Move, without overdoing it
When Vata is high, it is better to go about our physical activity in a slow and intentional manner. Intense exercise can be quite Vata aggravating. People with dominant Vata Dosha are recommended to partake in forms of exercises that are relatively slow, gentle, and grounding exercises like yoga, gentle stretching, walking, gentle cycling, swimming, Tai Chi, and others. The best times of the day to exercise are between 6-10 a.m. and 6-10 p.m. when Kapha dominates the atmosphere.
Rest is inevitable
Whenever Vata is concerned, getting adequate rest is very important. Allowing moments of relaxation through the day can be deeply rejuvenating and Vata-balancing, as an excess of Vata can result in feeling tired and exhausted. Take time to pamper yourself by taking a hot bath, having a massage, or some yoga exercises.
Get oiled up
The Ayurvedic practice of Abhyanga, or self-oil massage, is recommended in everyday routine. It is a very calming, nourishing, and stabilizing practice. It is preferable to massage oneself in the morning before bathing. Massaging the body helps people with dominant Vata Dosha to feel calm, especially when using herbal oils.
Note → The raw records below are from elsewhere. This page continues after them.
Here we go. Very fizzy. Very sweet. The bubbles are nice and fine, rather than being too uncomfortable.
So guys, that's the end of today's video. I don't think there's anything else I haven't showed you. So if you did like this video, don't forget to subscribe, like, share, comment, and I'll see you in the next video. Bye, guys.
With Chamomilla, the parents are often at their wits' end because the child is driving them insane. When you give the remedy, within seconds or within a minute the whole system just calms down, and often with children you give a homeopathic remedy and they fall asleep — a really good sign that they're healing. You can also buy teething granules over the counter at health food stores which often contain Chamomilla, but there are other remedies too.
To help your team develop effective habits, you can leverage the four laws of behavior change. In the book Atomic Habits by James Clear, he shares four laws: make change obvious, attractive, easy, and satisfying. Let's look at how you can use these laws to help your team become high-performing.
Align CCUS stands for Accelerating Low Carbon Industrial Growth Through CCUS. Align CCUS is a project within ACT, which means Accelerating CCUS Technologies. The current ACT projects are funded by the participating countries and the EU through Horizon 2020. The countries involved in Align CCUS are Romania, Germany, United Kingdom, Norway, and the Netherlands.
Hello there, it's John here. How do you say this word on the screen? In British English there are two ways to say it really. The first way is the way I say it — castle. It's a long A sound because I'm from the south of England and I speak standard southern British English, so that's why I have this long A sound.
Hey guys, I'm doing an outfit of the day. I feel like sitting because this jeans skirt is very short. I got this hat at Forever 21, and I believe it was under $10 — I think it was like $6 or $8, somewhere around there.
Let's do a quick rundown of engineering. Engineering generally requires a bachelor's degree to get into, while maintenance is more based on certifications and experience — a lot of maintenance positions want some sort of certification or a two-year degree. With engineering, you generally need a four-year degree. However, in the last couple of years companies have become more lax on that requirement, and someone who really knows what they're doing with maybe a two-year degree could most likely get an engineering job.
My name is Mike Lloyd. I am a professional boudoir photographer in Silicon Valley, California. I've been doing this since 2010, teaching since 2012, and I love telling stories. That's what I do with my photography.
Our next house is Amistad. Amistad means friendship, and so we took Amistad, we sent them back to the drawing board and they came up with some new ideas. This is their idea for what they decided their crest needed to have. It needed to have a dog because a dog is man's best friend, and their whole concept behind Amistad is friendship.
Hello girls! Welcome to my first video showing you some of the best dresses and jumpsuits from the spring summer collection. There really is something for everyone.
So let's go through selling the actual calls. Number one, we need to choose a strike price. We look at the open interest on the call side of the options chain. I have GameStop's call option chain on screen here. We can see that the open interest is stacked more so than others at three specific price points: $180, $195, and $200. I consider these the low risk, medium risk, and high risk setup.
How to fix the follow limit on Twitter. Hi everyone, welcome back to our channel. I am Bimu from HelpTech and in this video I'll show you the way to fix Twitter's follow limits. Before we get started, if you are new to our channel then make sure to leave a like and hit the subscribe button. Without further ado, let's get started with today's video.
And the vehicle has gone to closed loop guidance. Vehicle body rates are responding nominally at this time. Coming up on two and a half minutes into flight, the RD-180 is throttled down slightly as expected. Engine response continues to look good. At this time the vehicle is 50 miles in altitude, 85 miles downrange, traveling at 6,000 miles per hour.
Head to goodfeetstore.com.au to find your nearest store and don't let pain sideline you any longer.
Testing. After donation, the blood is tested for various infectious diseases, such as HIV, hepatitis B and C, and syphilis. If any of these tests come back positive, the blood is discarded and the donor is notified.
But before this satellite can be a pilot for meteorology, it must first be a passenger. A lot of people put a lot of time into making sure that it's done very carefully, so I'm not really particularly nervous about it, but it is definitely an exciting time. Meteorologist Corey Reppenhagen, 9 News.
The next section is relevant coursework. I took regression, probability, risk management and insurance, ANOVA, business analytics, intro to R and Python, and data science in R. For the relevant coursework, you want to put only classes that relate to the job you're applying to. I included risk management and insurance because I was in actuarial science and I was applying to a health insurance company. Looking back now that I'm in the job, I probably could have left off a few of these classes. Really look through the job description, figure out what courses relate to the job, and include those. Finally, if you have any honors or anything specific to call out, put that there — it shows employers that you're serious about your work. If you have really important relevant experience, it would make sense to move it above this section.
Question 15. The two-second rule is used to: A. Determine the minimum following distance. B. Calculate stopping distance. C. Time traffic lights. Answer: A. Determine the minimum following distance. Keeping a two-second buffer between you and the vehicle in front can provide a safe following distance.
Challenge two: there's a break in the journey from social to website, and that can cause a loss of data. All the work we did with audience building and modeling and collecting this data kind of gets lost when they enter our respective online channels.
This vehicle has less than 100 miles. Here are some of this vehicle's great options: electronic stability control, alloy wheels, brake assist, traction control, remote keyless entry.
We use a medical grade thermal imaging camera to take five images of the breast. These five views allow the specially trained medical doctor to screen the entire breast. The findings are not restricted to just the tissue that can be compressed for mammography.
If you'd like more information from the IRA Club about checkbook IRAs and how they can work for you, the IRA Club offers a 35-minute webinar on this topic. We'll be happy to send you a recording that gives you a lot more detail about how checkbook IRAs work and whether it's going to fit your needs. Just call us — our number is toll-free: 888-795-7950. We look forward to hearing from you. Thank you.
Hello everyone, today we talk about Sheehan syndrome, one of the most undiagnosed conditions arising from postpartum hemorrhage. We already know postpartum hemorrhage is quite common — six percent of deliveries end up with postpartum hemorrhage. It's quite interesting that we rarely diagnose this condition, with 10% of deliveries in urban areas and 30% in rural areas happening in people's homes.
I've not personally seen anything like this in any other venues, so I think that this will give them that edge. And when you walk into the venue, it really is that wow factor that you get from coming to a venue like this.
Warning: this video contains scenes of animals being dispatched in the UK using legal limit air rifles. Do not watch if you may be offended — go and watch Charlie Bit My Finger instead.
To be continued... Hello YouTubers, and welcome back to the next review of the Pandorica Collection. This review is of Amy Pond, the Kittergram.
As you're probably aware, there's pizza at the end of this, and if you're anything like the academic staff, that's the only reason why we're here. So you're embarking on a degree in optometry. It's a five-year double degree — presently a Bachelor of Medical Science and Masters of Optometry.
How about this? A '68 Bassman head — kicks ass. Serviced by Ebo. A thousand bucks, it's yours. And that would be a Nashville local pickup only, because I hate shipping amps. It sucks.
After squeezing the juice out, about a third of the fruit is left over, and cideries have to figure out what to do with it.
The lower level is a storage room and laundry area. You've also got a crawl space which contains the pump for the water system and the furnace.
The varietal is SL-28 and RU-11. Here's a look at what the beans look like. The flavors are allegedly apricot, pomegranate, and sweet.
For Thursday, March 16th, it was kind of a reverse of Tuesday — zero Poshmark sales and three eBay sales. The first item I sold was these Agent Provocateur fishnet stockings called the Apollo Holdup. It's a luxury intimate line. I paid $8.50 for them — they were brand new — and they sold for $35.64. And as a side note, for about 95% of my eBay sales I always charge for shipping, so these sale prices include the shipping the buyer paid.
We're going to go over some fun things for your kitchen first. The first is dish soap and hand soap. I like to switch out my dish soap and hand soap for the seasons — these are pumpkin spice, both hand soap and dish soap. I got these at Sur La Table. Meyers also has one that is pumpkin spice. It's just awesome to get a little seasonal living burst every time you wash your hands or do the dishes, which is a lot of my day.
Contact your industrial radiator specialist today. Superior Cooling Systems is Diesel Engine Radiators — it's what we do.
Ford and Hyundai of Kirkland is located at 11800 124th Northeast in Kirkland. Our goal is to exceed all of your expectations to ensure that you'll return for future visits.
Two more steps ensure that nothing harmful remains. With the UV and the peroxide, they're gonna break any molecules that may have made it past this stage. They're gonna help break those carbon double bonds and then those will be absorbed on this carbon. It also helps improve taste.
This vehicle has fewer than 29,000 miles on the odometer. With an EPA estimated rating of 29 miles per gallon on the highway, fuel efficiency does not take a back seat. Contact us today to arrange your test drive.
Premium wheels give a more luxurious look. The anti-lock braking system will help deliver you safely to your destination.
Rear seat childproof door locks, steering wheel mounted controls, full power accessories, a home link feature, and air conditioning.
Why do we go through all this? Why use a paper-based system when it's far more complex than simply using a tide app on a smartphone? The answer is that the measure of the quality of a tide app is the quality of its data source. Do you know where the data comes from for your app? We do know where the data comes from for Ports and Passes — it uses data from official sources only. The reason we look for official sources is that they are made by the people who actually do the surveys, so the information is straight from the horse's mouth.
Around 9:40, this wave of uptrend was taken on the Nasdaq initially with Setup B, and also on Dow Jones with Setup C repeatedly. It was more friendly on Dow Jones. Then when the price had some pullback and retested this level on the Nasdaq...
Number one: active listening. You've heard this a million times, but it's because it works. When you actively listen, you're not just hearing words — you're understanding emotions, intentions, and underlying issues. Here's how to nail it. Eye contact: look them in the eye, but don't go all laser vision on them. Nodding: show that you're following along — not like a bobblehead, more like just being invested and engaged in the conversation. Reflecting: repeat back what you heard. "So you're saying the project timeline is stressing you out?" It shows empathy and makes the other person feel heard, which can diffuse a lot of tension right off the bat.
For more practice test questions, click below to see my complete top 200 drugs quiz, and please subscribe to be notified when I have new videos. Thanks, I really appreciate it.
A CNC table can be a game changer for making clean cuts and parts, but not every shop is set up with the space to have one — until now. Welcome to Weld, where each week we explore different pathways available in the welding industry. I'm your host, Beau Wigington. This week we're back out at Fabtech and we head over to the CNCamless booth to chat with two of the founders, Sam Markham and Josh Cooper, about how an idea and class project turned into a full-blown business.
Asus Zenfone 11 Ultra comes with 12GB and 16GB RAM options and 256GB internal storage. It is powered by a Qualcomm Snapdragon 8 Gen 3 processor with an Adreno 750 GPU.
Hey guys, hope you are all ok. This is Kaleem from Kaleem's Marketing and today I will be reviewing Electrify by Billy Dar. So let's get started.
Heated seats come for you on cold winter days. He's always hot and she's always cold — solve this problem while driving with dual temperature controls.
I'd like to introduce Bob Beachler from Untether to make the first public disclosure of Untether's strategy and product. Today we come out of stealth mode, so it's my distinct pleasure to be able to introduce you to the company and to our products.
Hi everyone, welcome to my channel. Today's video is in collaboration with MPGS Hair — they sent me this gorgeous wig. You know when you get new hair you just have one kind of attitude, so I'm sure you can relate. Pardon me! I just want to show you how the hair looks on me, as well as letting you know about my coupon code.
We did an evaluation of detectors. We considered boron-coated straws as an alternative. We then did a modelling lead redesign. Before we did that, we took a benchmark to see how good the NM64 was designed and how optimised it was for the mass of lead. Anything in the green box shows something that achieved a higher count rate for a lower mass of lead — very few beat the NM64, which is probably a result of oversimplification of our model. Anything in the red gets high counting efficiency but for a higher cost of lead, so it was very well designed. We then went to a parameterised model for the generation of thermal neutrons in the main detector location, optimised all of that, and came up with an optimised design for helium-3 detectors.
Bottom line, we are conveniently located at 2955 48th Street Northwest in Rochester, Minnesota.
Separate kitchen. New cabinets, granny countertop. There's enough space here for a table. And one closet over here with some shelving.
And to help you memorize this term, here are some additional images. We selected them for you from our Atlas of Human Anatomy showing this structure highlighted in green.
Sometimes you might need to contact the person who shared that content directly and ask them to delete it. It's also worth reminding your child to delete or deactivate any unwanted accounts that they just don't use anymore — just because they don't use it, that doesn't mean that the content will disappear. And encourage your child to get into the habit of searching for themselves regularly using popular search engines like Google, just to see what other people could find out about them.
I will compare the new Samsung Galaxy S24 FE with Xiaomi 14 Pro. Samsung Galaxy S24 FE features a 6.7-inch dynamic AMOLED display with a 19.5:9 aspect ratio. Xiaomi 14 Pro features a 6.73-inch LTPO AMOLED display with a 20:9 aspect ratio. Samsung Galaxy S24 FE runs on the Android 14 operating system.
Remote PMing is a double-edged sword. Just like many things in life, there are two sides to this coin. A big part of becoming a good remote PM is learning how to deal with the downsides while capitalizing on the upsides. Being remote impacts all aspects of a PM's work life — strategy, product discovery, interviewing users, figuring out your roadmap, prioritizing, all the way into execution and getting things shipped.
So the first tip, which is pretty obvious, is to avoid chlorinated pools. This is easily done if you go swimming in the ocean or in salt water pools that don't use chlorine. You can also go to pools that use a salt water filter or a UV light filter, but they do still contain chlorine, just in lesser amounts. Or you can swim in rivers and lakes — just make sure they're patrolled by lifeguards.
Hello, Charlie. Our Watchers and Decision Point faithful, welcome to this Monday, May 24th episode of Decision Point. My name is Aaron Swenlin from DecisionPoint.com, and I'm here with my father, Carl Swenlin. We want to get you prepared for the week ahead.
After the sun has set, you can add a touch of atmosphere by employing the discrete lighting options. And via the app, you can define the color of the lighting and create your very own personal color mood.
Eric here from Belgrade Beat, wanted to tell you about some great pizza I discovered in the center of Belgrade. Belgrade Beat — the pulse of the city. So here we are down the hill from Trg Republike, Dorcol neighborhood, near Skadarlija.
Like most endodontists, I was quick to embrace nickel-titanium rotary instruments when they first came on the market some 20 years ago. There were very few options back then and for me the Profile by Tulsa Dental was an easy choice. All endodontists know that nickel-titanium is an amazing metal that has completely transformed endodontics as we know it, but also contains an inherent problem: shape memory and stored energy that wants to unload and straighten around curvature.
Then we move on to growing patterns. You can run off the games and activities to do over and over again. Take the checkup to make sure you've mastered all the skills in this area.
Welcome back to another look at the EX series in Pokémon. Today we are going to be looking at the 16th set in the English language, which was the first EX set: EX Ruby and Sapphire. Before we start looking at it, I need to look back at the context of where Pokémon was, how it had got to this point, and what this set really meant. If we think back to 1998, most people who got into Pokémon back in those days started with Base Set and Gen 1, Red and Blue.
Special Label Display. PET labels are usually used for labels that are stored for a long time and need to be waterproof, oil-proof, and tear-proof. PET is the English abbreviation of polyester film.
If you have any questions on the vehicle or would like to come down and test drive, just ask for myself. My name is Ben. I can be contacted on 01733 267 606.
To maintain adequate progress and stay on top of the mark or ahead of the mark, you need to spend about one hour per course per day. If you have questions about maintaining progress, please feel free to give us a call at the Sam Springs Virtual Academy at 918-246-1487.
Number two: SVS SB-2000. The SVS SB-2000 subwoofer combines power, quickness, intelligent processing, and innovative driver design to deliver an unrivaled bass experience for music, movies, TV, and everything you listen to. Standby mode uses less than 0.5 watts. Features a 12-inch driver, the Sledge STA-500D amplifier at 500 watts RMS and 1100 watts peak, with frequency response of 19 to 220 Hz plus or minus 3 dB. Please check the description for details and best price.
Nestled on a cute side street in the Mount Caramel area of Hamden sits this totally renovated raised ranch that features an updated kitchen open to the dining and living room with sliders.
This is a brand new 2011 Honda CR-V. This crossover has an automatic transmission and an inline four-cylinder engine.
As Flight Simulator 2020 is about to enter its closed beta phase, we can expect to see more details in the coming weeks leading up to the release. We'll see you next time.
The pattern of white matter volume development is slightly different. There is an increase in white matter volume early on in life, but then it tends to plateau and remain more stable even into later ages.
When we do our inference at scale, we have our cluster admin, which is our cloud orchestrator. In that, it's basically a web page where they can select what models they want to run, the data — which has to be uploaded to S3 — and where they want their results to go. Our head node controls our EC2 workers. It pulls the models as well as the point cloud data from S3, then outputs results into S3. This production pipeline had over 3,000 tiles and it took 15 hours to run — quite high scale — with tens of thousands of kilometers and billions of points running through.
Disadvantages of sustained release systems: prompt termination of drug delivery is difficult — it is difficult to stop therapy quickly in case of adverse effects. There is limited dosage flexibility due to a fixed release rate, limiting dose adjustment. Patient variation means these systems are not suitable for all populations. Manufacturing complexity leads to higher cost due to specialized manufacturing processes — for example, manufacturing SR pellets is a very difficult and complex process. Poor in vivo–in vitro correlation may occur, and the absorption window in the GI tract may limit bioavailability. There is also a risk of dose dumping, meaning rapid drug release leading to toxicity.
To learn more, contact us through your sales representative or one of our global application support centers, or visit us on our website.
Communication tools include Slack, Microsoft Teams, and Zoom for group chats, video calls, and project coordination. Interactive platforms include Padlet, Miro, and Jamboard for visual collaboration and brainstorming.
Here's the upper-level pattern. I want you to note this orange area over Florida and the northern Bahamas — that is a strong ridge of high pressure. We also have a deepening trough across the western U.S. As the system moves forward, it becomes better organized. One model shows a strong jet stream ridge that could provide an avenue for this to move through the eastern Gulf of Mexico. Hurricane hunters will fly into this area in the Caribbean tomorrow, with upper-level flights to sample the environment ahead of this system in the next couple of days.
If massaging the whole body is not feasible, at least oil the feet, hands, and ears before bed to ground oneself.
Yogic breathwork or pranayama is a powerful way to balance both the mind and the physical body. It is a slow, energy equalizing, and deep Vata balancing practice that reduces stress and enhances the ability to concentrate. If you can fit in even a couple of minutes of Nadi Shodhana in the morning, you will likely feel its effect throughout the whole day.
Tips for Creating a Vata Balancing Diet
Foods that balance Vata consists of mostly freshly cooked and whole foods. It is preferable to add salt and spices to help prime digestion. With a Vata dominant Dosha, one should avoid junk food or having foods that have a pungent, bitter, and astringent taste. Drinking plenty of liquids and avoiding soft drinks is also highly recommended. It is also recommended to avoid eating when nervous, anxious, agitated, afraid, immersed in deep thoughts, or distracted. Vata dominant people should eat three to four light meals a day at a regular time, with a gap of at least two hours between meals. Skipping meals and overeating are not recommended.
Recommended Vata foods include:
- Fruits and vegetables: avocado, sweet potato, spinach, cooked carrots, caramelized onion, zucchini, mangos, oranges, dates, grapefruit, guava, peaches, etc.
- Dairy and fats/oils: yogurt, soft cheeses, boiled whole milk, sour cream, olive oil, sesame oil, etc.
- Nuts, seeds, and legumes: nut butter, soaked or salted nuts, sesame seeds, sunflower seeds, etc.
- Grains: rice, quinoa, whole wheat, oats, etc.
- Sweeteners: maple syrup, honey (in moderation), etc.
- Beverages: room temperature water, sweet and sour fruit juices, tulsi tea, vanilla tea, etc.
Vata is the most creative, most mobile, and most active of all the doshas when in the state of balance, So use the above tips very wisely and thoroughly to create a sense of balance and stability to the wandering and ever-active mind. Stay Warm, Stay Happy and Stay Balanced.